Integrating $\int_{a}^{\infty} \frac{x^4e^x}{(e^x-1)^2}dx$ for large values of $a$

Question

I have to show that $$\int_{0}^{\infty}\frac{x^4e^x}{(e^x-1)^2}dx \approx \int_{0}^{a} \frac{x^4e^x}{(e^x-1)^2}dx$$ for large values of $a$. This can be done by showing that $$\int_{a}^{\infty}\frac{x^4e^x}{(e^x-1)^2}dx$$ is exponentially small.

However, I am having trouble finding a way to integrate $$\int_{a}^{\infty}\frac{x^4e^x}{(e^x-1)^2}dx$$ analytically.

I was given a suggestion to think about making an approximation to $x^4$ when integrating over a region where $x$ is large, but I'm completely lost.

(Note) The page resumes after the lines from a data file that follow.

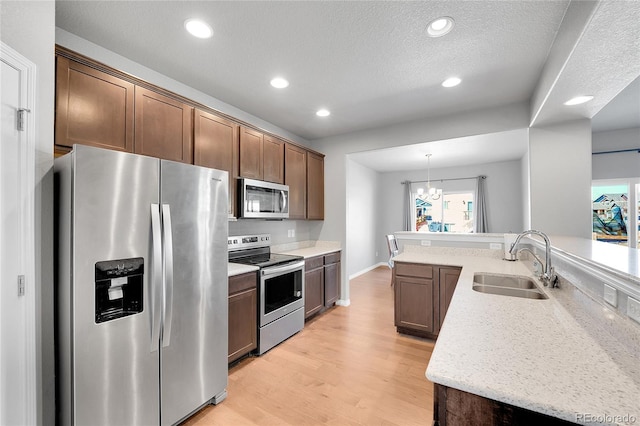 kitchen with a sink, a chandelier, light wood finished floors, recessed lighting, and stainless steel appliances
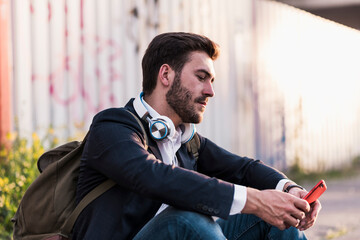 Young businessman using mobile phone and sitting in front of wall at footpath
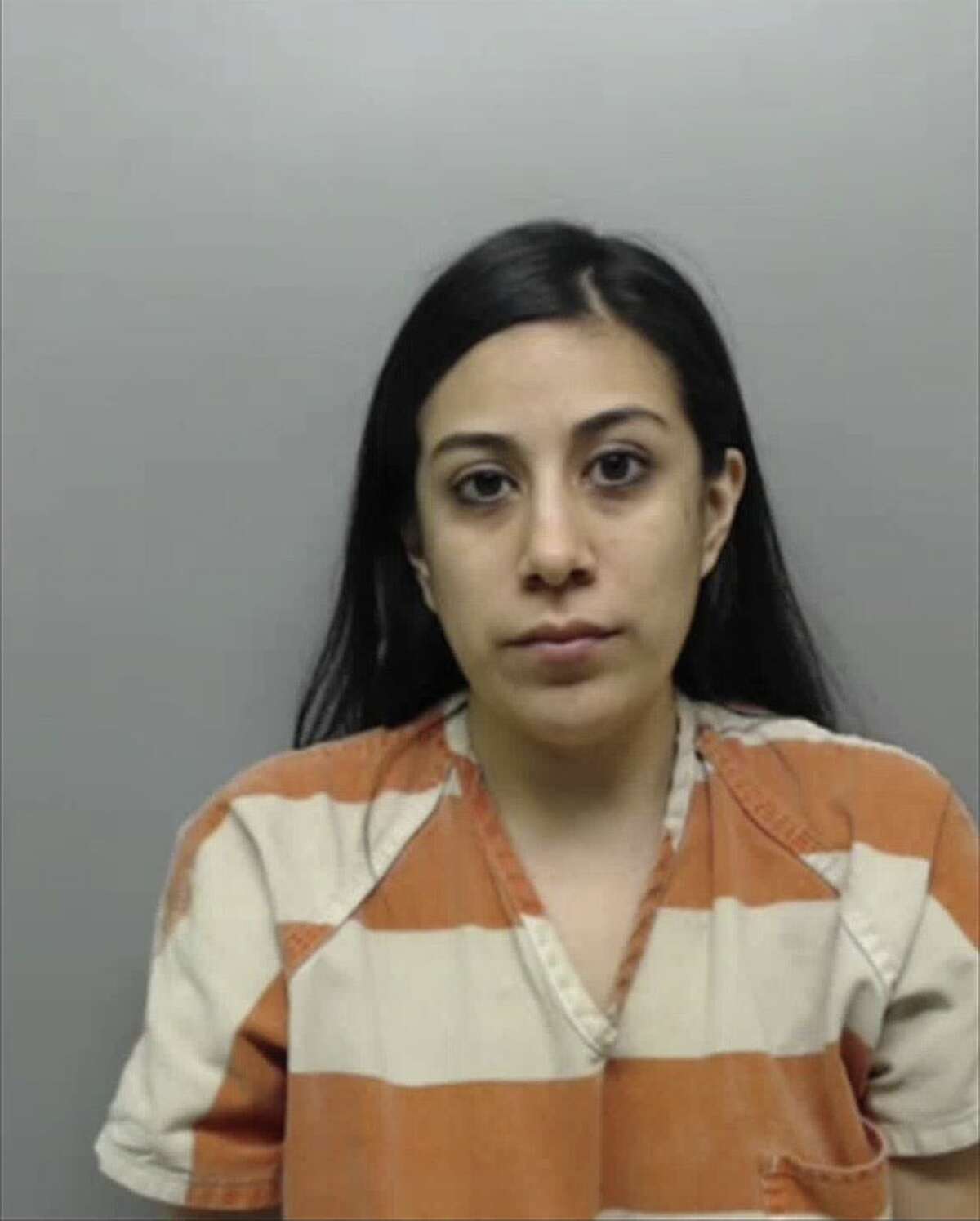Priscilla Marisol Flores, 34, was charged with two counts of child abandonment with intent to return.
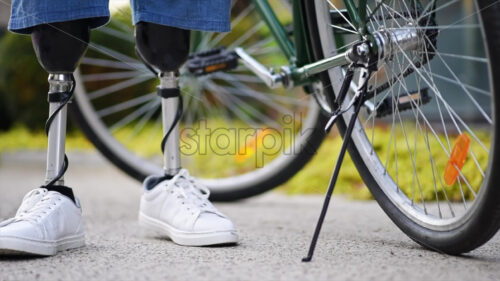 Video – Slow motion view of a man with prosthetic legs. Putting the bike on the kickstand and standing next to it - Starpik Stock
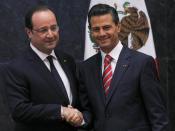 French President Francois Hollande, left, and Mexico's President Enrique Pena Nieto pose for photos during a signing ceremony at Los Pinos presidential residence in Mexico City, Thursday, April 10, 2014. Hollande is in Mexico for a two-day visit. (AP Photo/Marco Ugarte)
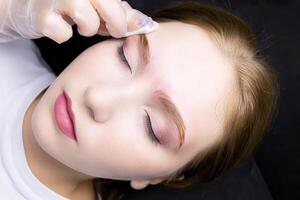 the girl model at the eyebrow lamination procedure, the master erases the remnants of their laminating compositions with a cotton sponge photo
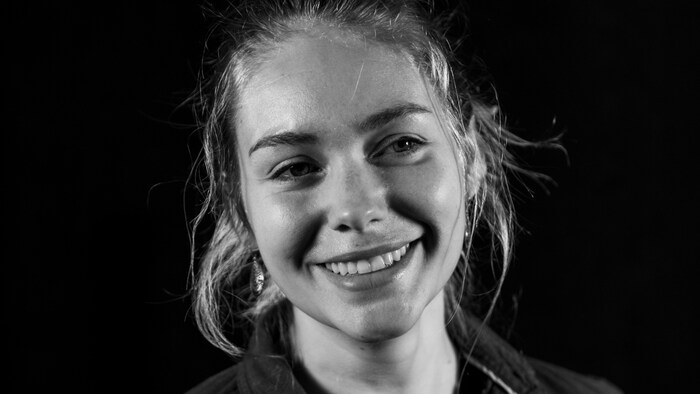 Un femme souriante qui pose.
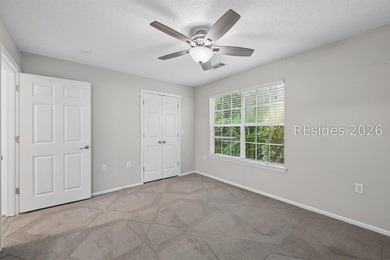 Enjoy wooded views from this second-floor condominium in The - photo 17
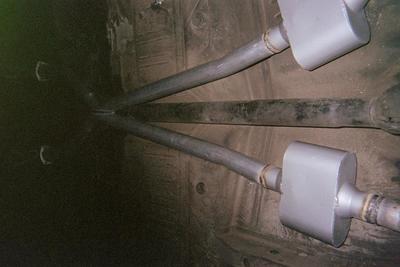 Personalized Exhaust and mufflers Service — Silver Car Muffler Closed-Up in Bakersfield, CA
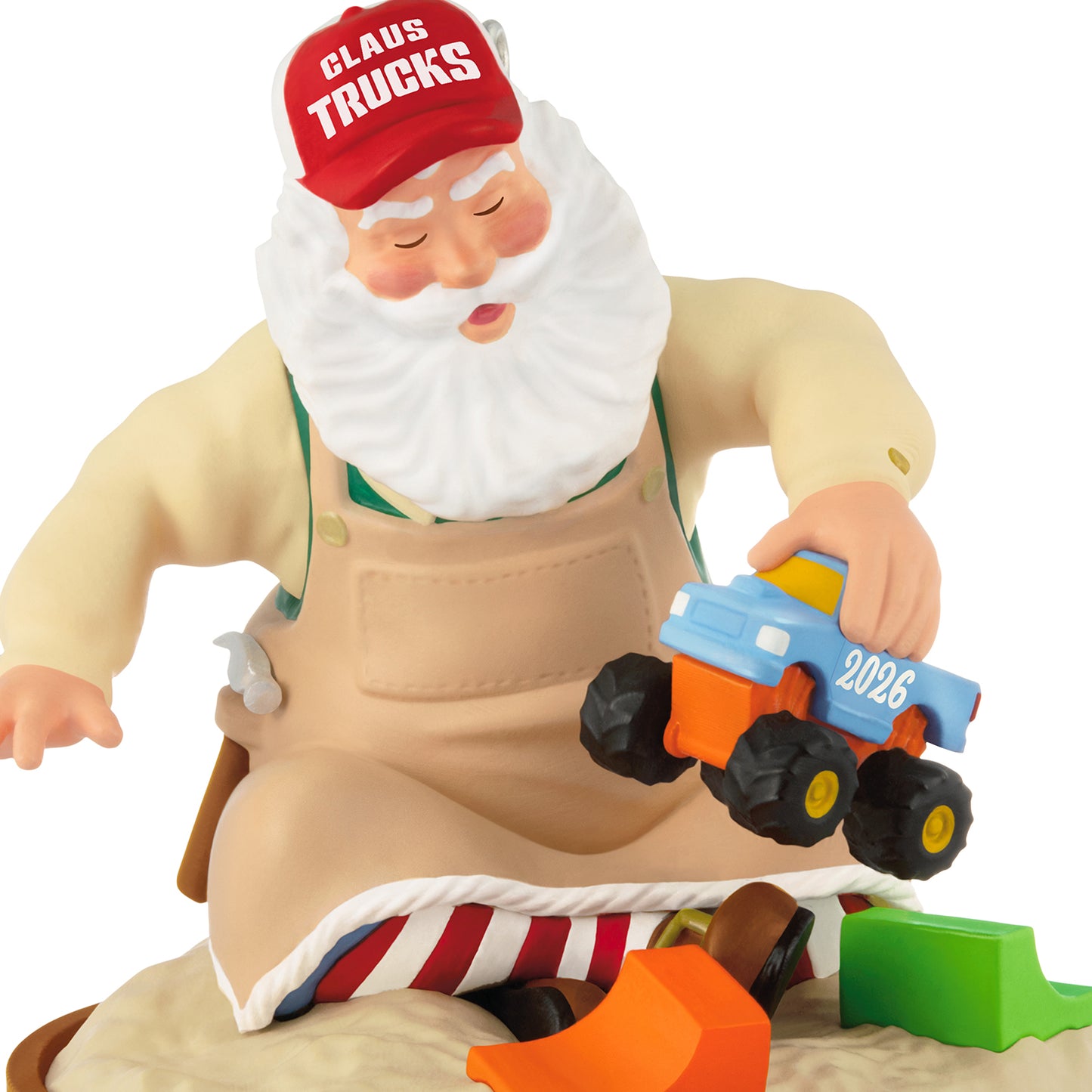 Toymaker Santa, 27th in the Series — 2026 Hallmark Keepsake Christmas Ornament, detailed view of Santa testing a monster truck in the sandbox.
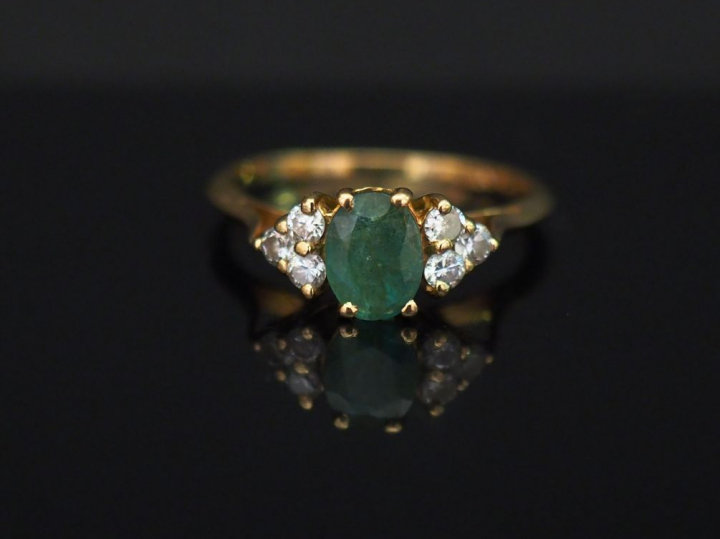 	Bague en or jaune, sertie en son centre d’une émeraude épaulée de six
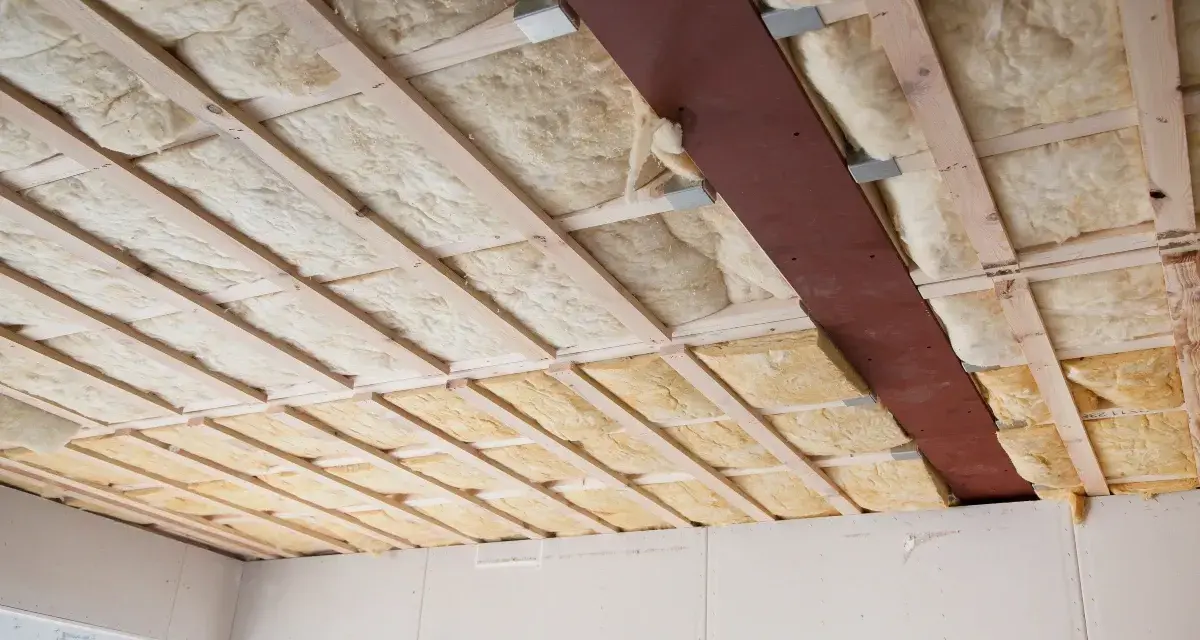 Decke mit Holzbalken und Dämmung. Hier sieht man, was ist Glaswolle: ein isolierendes Material, das in Hohlräume eingebracht wird.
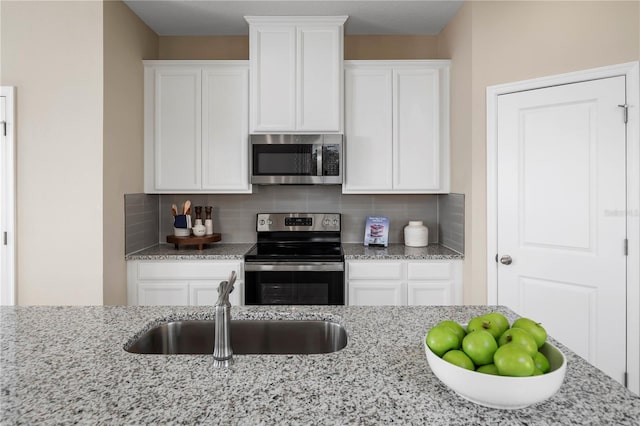 kitchen featuring white cabinetry, decorative backsplash, and appliances with stainless steel finishes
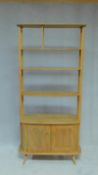 A vintage Ercol blonde elm "Giraffe" room divider, model 363, with four open tiers above base drawer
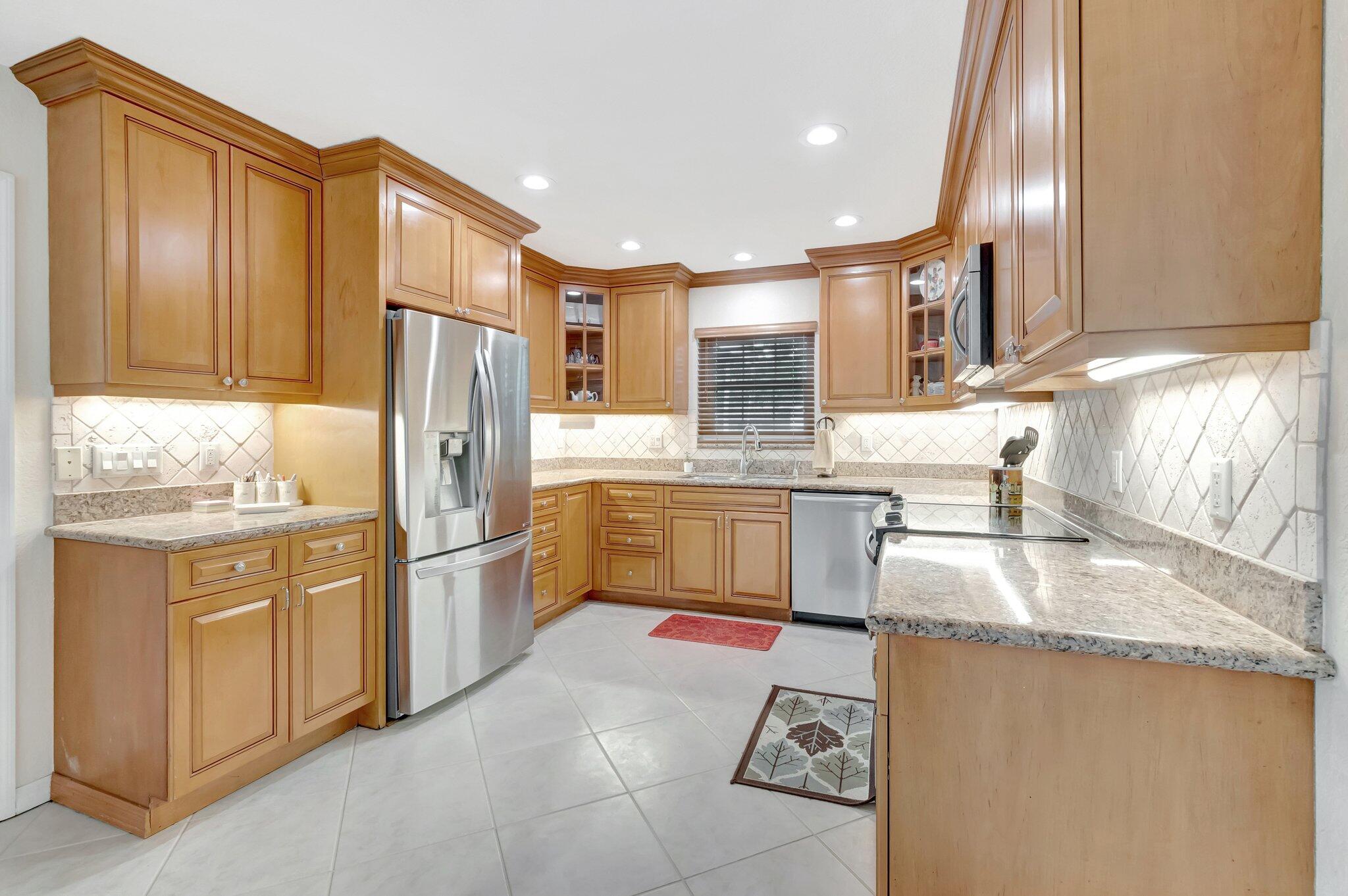 166 Southwest 8th Avenue Boca Raton, FL 33486 - Photo 7 of 25 a kitchen with stainless steel appliances granite countertop a sink refrigerator stove and microwave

Any suggestions is greatly appreciated.

Answer 1

We have that for $a>\ln(2)$, $$\int_{a}^{\infty}\frac{x^4e^x}{(e^x-1)^2}dx=\int_{a}^{\infty}\frac{x^4e^{-x/2}}{e^{x/2}(1-e^{-x})^2}dx< \frac{\int_{0}^{\infty} x^4 e^{-x/2}dx}{e^{a/2}(1-e^{-\ln(2)})^2}=\frac{2^2\cdot 2^5\cdot 4!}{e^{a/2}}$$ which implies that the LHS goes to zero exponentially as $a$ goes to $+\infty$.

Answer 2

For sufficiently large $x$, $$\frac{x^4e^x}{(e^x-1)^2}=\frac{x^4}{(e^\frac{x}{2}-e^\frac{-x}{2})^2}$$ $$=\frac{x^4}{(\sum_{n=1}^{\infty} \frac{x^{2n}}{2^{2n}(2n)!})^2} <\frac{x^4}{\sum_{n=1}^{\infty} \frac{x^{4n}}{(2^{2n}(2n)!)^2}}$$ $$<\frac{x^4}{\frac{x^8}{k}}$$ $$=\frac{k}{x^4}$$ where $k$ is some constant. Thus, $$0<\frac{x^4e^x}{(e^x-1)^2}<\frac{k}{x^4}$$ Integrating both sides gives the required answer.